Hawaiian wedding cake is a refreshing cake recipe made with pineapple and coconut flavors. It starts off with a basic yellow cake mix, then you add a delicious pineapple layer that soaks into the cake itself and finally, a whipped cream frosting layer. It’s like a piña colada in cake form, does it get any better?
HAWAIIAN WEDDING CAKE INGREDIENTS
- 1-box yellow cake mix (make according to package instructions-usually includes egg(s), oil & water).
- 1 (20-ounce) can crushed pineapple
- 1 cup of white sugar
- 3 medium-sized bananas, sliced into 1/4 inch pieces
- 1 (5.1-ounce) box INSTANT Vanilla pudding, made according to package directions (usually requires 3cups cold milk-follow the 5-minute pudding directions)
- 1 (8-ounce) container Cool whip, thawed
- 1/2 cup sweetened shredded coconut, lightly toasted
- 1/2 cup walnuts, chopped and lightly toasted
SUBSTITUTIONS AND ADDITIONS
CAKE MIX: We used yellow box cake mix in this recipe, but other recipes call for white cake mix, which would work just as well. There are plenty of different flavors of boxed cake mixes you can get in the store, so pick your favorite!

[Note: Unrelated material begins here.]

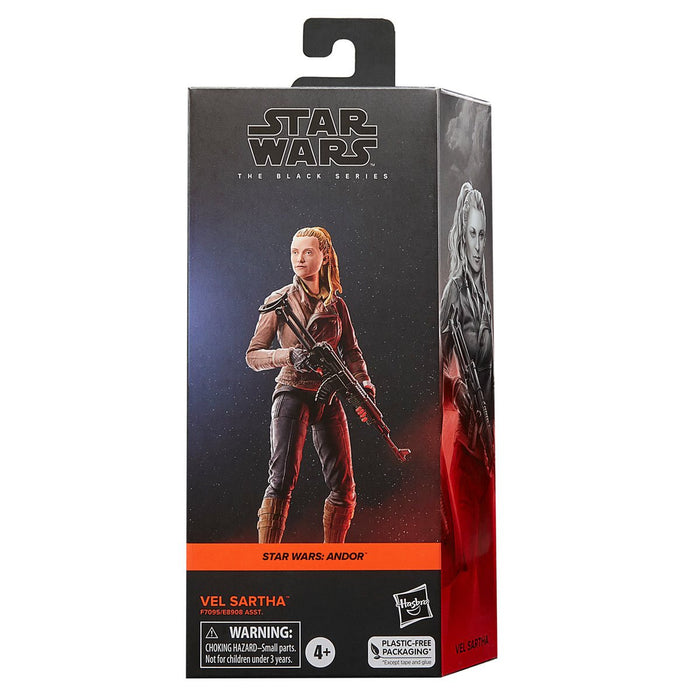 Star Wars The Black Series Vel Sartha 6-Inch Action Figure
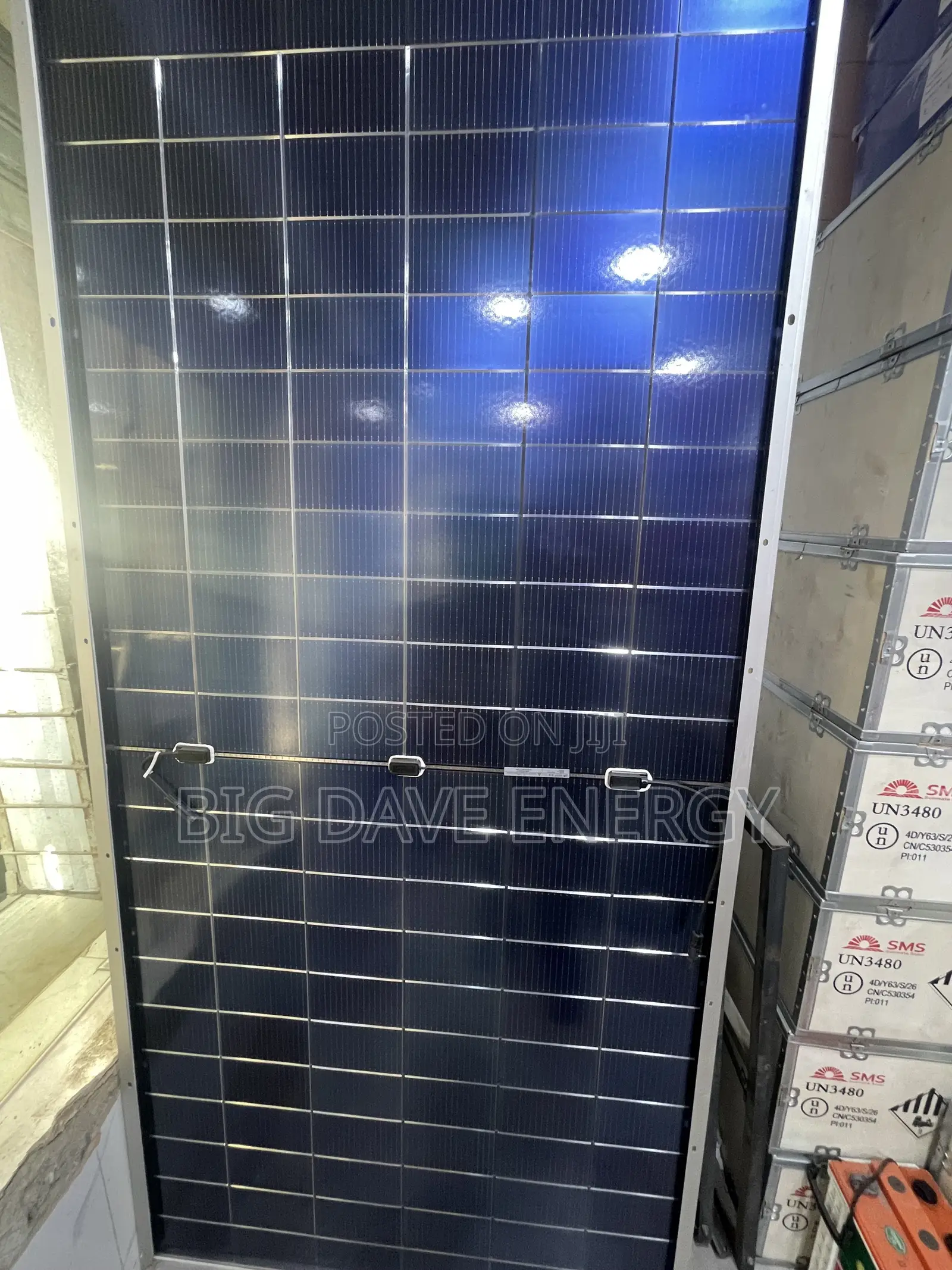 Ja 620w Solar Panel Bifacial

COCONUT: For this recipe, we are calling for shredded coconut. While this is not the same as coconut flakes, you can substitute them for shredded coconut. The flakes are slightly larger but will still work if that is all you have available.
WHIPPED TOPPING: If you would rather make your own whipped cream instead of the whipped cream topping, you are more than welcome to. Try our recipe for homemade whipped cream as a perfect choice.
HOW TO MAKE THIS HAWAIIAN WEDDING CAKE RECIPE
STEP ONE: Preheat oven to 350°F (or according to box cake mix directions).
STEP TWO: Spray a 9 x 13-inch cake pan with nonstick spray and then bake cake mix as directed.
PRO TIP: Mix the egg, oil & water in your bowl prior to adding your cake’s dry ingredients. This will ensure that you do not over-mix your cake batter and makes for a more tender cake.
STEP THREE: While the cake is baking, in a medium saucepan on medium heat, heat the pineapple and sugar just until the sugar dissolves.
STEP FOUR: When the cake is done baking, remove the baking pan from the oven and immediately poke holes all over the top of the cake with the handle of a wooden spoon.
PRO TIP: It’s best to make the holes in the cake while it is still slightly warm because as it cools, the crust on top of the cake will crumble more easily.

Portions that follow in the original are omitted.